:: How to complete this task ::
What is needed is an exact reproduction of the lines in the records below, starting at the line with "16 Ranfurly Terrace, Pyes Pa" and ending at the line with "1856 Stonewater Dr, Hermitage, TN 37076", both included, and nothing else; pictures stay out.

:: Input records ::

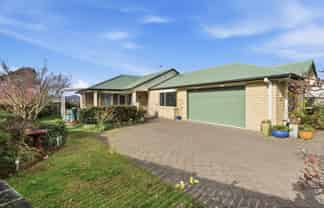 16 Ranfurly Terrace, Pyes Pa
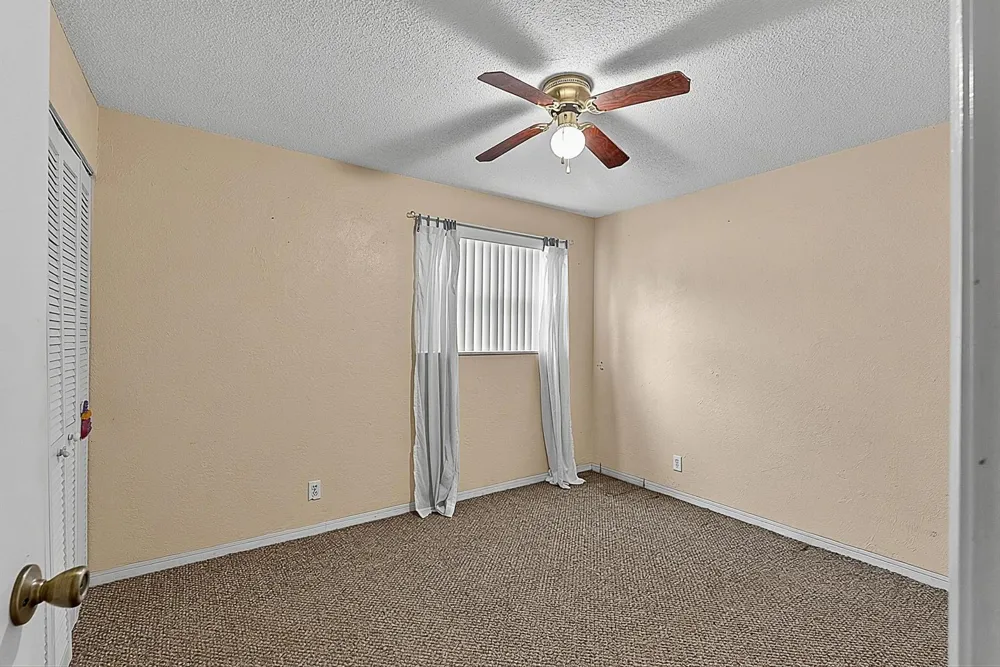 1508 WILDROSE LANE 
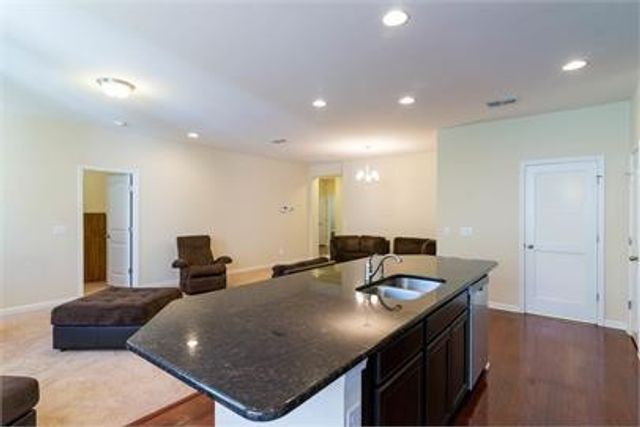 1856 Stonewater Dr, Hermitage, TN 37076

--

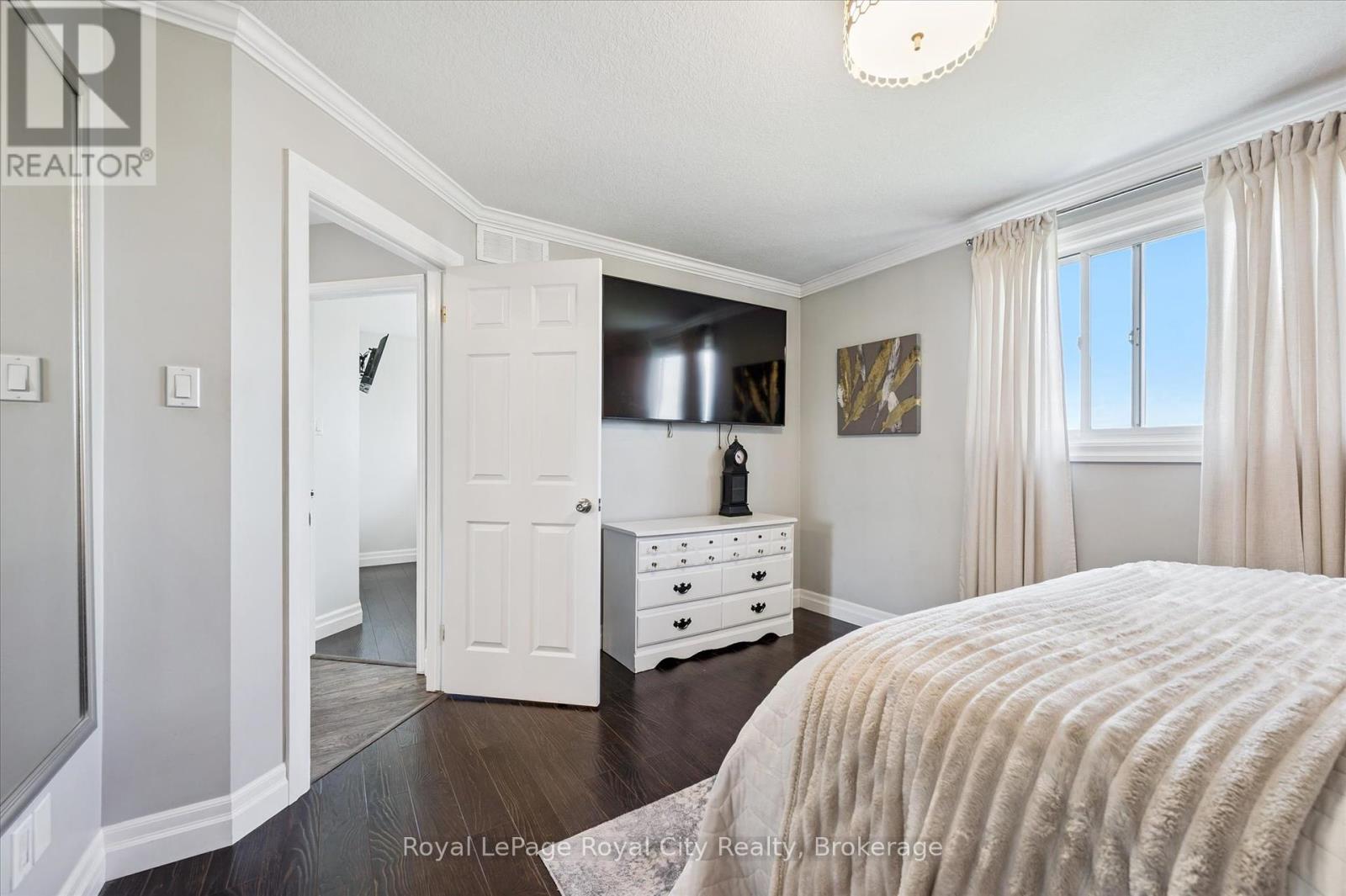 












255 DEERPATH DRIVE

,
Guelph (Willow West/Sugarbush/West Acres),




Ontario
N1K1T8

:: Written response ::
 16 Ranfurly Terrace, Pyes Pa
 1508 WILDROSE LANE 
 1856 Stonewater Dr, Hermitage, TN 37076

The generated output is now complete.